◆ Assigned task ◆
In the entries that follow, the lines from the one with "ONE FOR YOU" through the one with "flat illustrations. The" are the ones to write out, exactly and with both ends included. Nothing else should appear.

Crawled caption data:

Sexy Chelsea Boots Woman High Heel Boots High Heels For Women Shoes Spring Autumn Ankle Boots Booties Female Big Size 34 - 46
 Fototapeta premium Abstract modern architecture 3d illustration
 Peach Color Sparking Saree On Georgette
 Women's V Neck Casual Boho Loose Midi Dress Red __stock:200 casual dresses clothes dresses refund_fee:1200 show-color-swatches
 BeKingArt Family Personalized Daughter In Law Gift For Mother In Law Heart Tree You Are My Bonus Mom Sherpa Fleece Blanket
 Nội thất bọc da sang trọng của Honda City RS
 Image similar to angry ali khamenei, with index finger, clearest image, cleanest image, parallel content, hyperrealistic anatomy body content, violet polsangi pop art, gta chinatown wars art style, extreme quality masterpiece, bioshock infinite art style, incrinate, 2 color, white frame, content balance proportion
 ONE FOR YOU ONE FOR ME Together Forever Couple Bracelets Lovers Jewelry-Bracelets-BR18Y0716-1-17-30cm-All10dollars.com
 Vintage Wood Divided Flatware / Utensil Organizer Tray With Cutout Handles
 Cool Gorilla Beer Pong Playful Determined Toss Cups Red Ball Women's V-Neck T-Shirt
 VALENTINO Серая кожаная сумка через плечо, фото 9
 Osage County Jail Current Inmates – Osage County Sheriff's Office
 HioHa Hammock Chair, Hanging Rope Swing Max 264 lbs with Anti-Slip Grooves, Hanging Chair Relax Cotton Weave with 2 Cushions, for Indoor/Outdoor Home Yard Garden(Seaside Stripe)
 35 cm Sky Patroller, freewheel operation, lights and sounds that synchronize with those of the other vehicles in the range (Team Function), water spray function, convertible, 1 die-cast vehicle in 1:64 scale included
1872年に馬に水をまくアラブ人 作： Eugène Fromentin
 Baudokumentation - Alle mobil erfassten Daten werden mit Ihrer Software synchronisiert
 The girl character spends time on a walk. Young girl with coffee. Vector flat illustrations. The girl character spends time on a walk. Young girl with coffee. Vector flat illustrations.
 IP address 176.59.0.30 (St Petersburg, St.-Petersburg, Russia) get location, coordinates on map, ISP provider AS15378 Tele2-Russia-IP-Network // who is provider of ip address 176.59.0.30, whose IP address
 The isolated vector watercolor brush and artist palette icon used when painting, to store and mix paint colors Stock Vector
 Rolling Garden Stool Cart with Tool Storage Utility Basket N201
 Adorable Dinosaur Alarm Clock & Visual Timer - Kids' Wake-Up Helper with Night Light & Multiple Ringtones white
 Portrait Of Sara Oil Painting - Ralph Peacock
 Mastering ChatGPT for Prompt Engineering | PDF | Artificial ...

◆ Task output ◆
 ONE FOR YOU ONE FOR ME Together Forever Couple Bracelets Lovers Jewelry-Bracelets-BR18Y0716-1-17-30cm-All10dollars.com
 Vintage Wood Divided Flatware / Utensil Organizer Tray With Cutout Handles
 Cool Gorilla Beer Pong Playful Determined Toss Cups Red Ball Women's V-Neck T-Shirt
 VALENTINO Серая кожаная сумка через плечо, фото 9
 Osage County Jail Current Inmates – Osage County Sheriff's Office
 HioHa Hammock Chair, Hanging Rope Swing Max 264 lbs with Anti-Slip Grooves, Hanging Chair Relax Cotton Weave with 2 Cushions, for Indoor/Outdoor Home Yard Garden(Seaside Stripe)
 35 cm Sky Patroller, freewheel operation, lights and sounds that synchronize with those of the other vehicles in the range (Team Function), water spray function, convertible, 1 die-cast vehicle in 1:64 scale included
1872年に馬に水をまくアラブ人 作： Eugène Fromentin
 Baudokumentation - Alle mobil erfassten Daten werden mit Ihrer Software synchronisiert
 The girl character spends time on a walk. Young girl with coffee. Vector flat illustrations. The girl character spends time on a walk. Young girl with coffee. Vector flat illustrations.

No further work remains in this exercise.